# ACTIVITY:
Would you copy the lines below exactly and omit the images?

# Excerpts from a dataset:

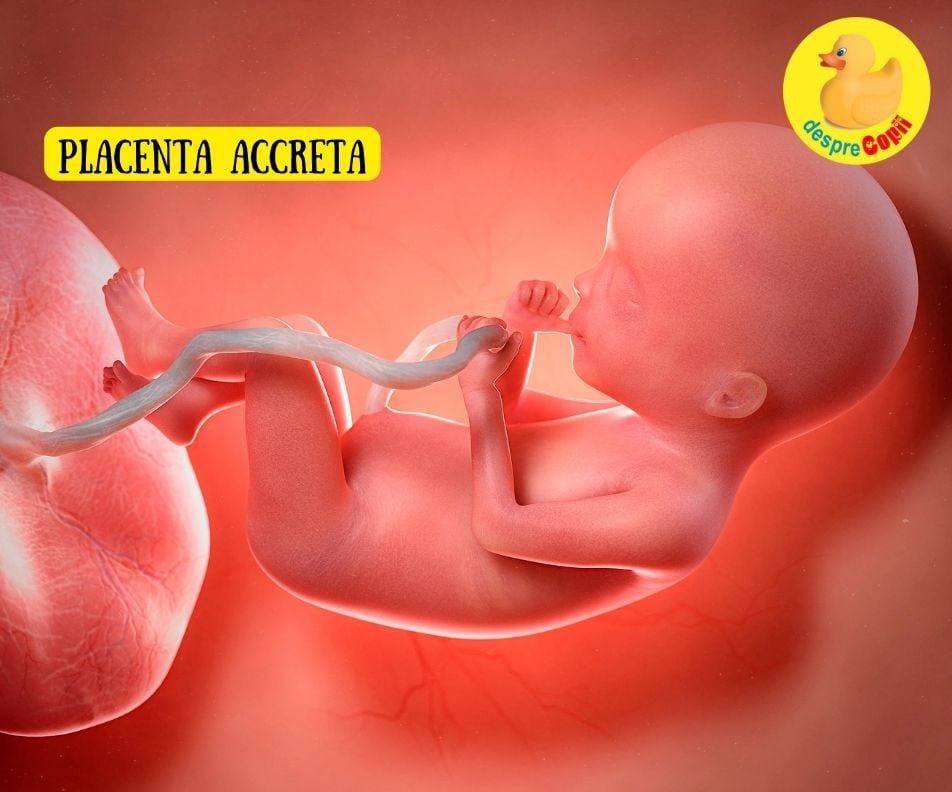 Placenta accreta: cauze, prevenire si tratament - sfatul medicului ginecolog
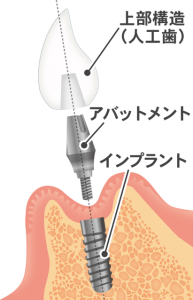 安心してお任せください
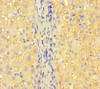 Immunohistochemistry of paraffin-embedded human liver cancer using CSB-PA388827LA01HU at dilution of 1:100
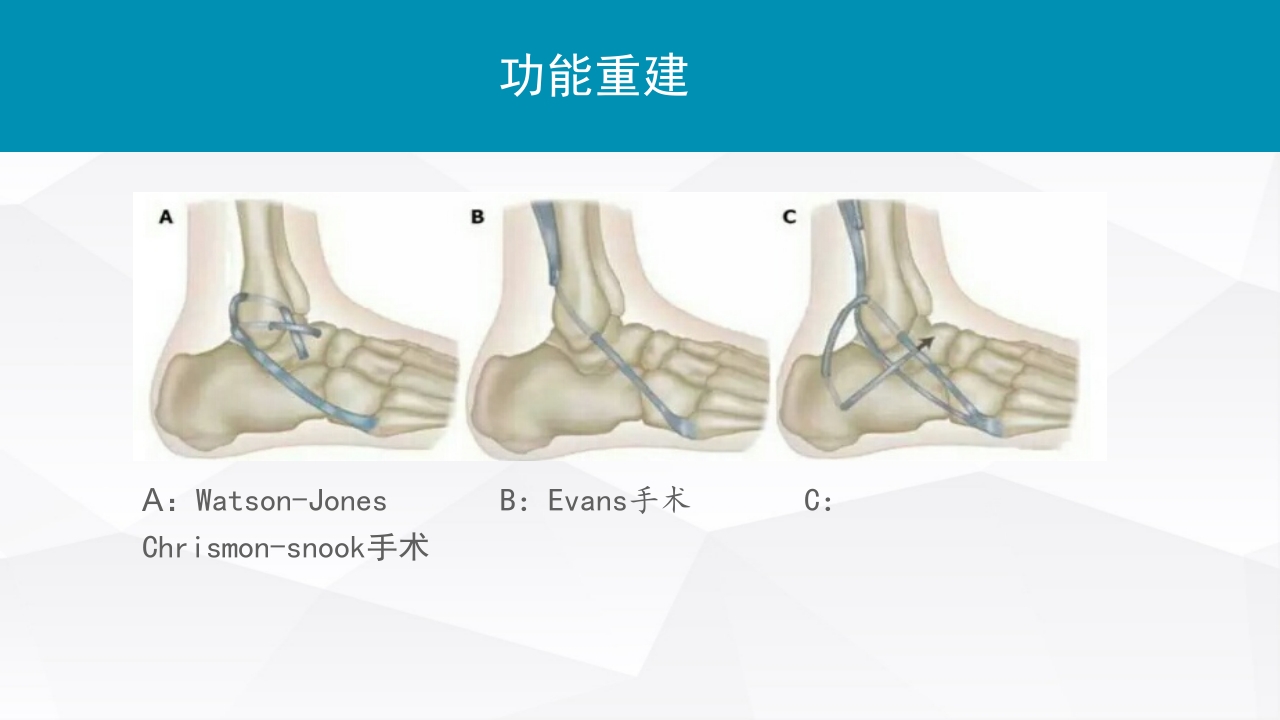 踝关节扭伤的评估和治疗PPT课件17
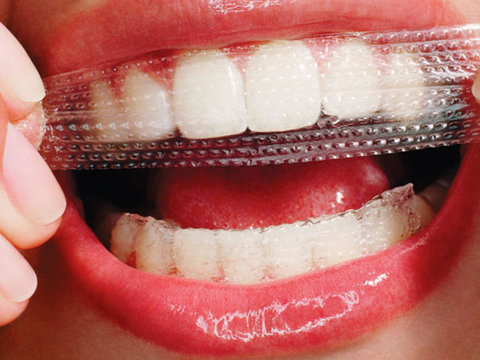 ۱۰ سال ‌عمر مفید ایمپلنت ‌های دندانی/خطر مصرف روزانه نوشابه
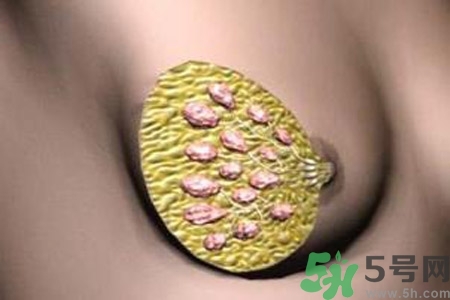 乳腺增生鈣化是什么？乳腺鈣化的癥狀有哪些？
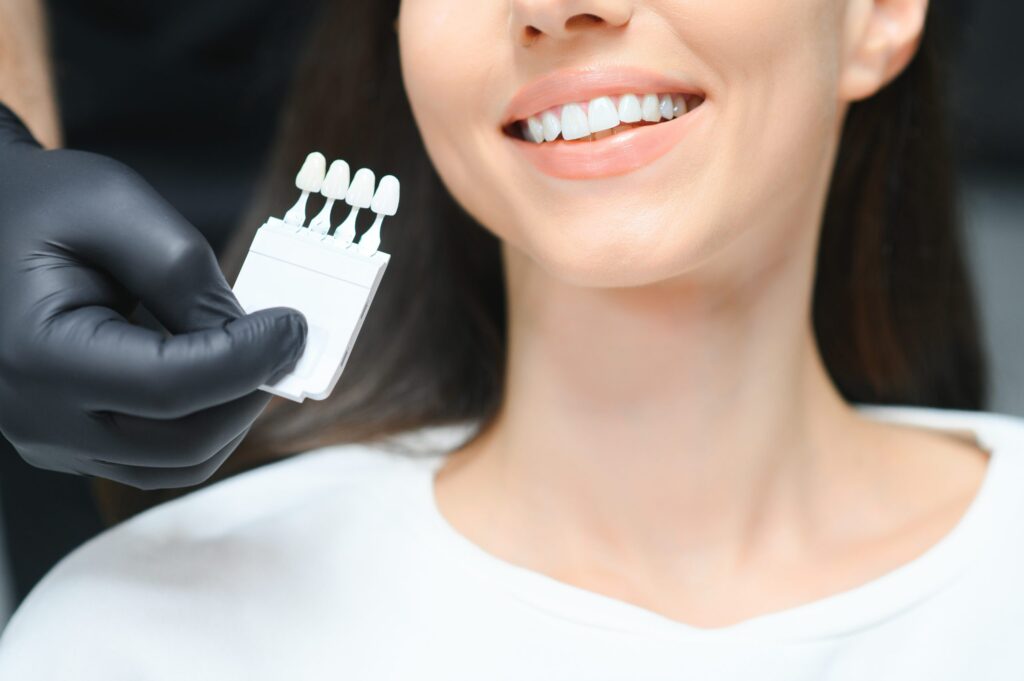 Dental Veneers: The Key to Achieving Your Ideal Smile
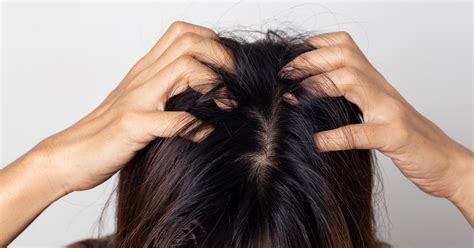 Doctor Warns Against Bizarre And Dangerous Scalp Popping Trend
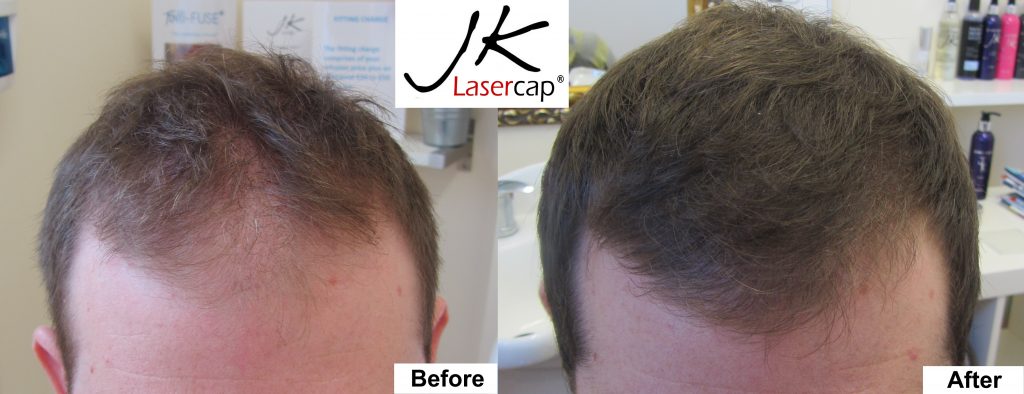 JK Laser Cap Guy before and after results Dublin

# ANSWER SPACE:
 Placenta accreta: cauze, prevenire si tratament - sfatul medicului ginecolog
 安心してお任せください
 Immunohistochemistry of paraffin-embedded human liver cancer using CSB-PA388827LA01HU at dilution of 1:100
 踝关节扭伤的评估和治疗PPT课件17
 ۱۰ سال ‌عمر مفید ایمپلنت ‌های دندانی/خطر مصرف روزانه نوشابه
 乳腺增生鈣化是什么？乳腺鈣化的癥狀有哪些？
 Dental Veneers: The Key to Achieving Your Ideal Smile
 Doctor Warns Against Bizarre And Dangerous Scalp Popping Trend
 JK Laser Cap Guy before and after results Dublin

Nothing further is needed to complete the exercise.